Renungan Minggu, 26 Oktober 2014 – Bulan Keluarga
Kasih setia Tuhan merupakan esensi dari perjanjianNya – yang bersifat mengikat – dengan para leluhur Israel, umatNya. Kasih setia Tuhan inilah yang menjadi daya dorong, baik bagi Abraham, Ishak maupun Yakub, untuk menjalani hidup dengan setia dan taat kepada apa yang diperintahkan Tuhan. Tuhan menyediakan berkat untuk Abraham, baik dalam bentuk tanah maupun keturunan, sejak ia dipanggilNya; begitu juga dengan penyertaan dan perlindunganNya, Kejadian 12:1-3. Tidak berlebihan, jika Tuhan memerintahkan agar setiap umat perjanjianNya hidup dengan penuh ketaatan, tekun menjalaninya sebagai tanda kesetiaan, dan dengan rasa syukur bahwa Tuhan itu baik.
Musa adalah sosok yang dipersiapkan Tuhan untuk membawa Israel keluar dari perbudakan Mesir, dan hidup merdeka untuk berbakti sebagai umat Allah, dengan penuh rasa hormat dan syukur.

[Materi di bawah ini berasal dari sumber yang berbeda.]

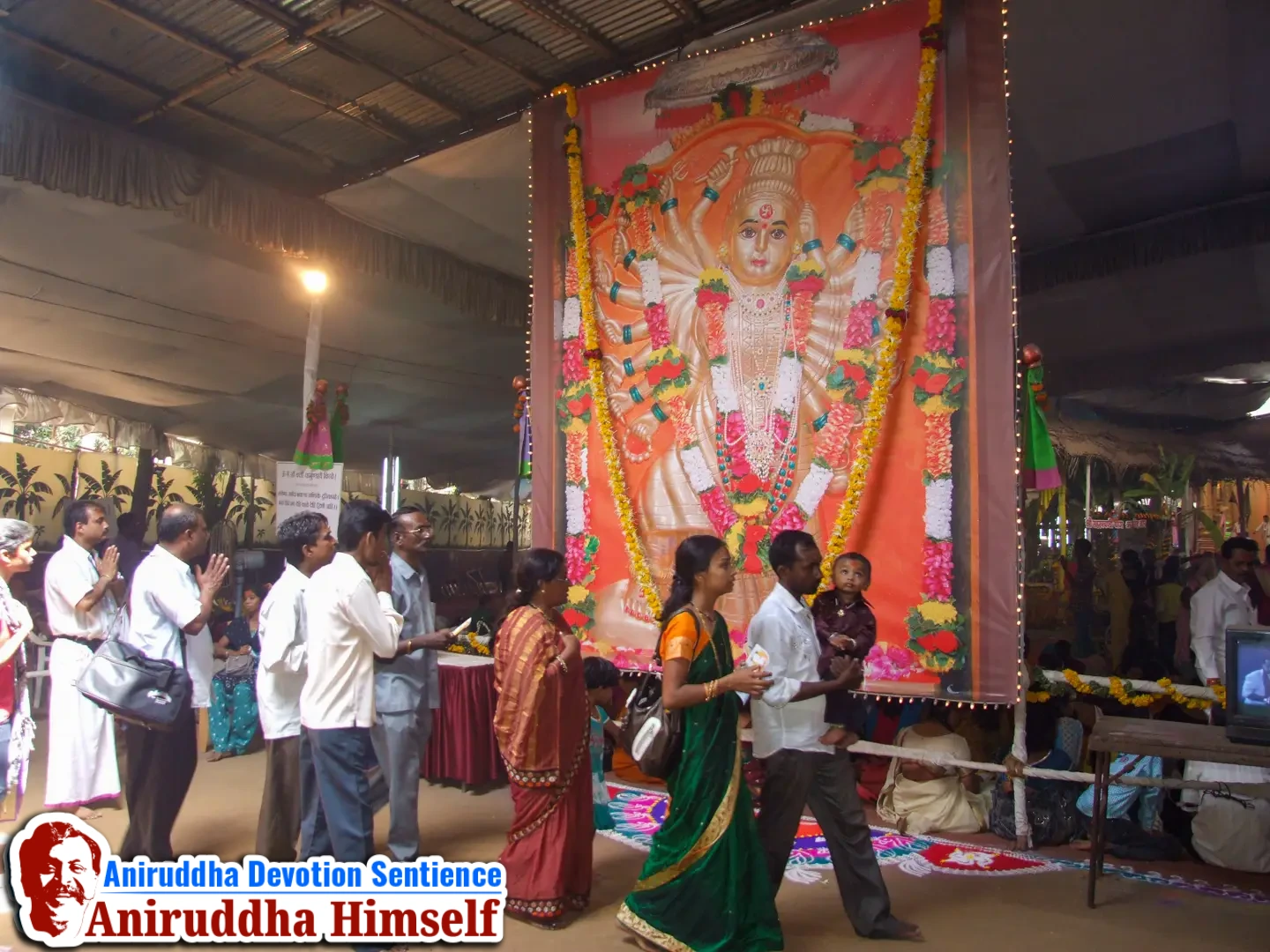 Mahakali Kund during Shree Varada Chandika Prasannotsav at Shree Harigurugram in the year 2011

Tiga tahap pembentukan dalam hidupnya membuat Musa tidak dapat mengingkari bahwa Tuhan itu baik dan setia. Empatpuluh tahun pertama di istana firaun mengajarkan kepadanya bagaimana seharusnya seorang penguasa memimpin. Dan, empatpuluh tahun kedua, sebagai buronan firaun dan menjadi penggembala kambing domba mertuanya, mengajarinya bagaimana seharusnya bersikap dan berperilaku sebagai pelayan yang setia.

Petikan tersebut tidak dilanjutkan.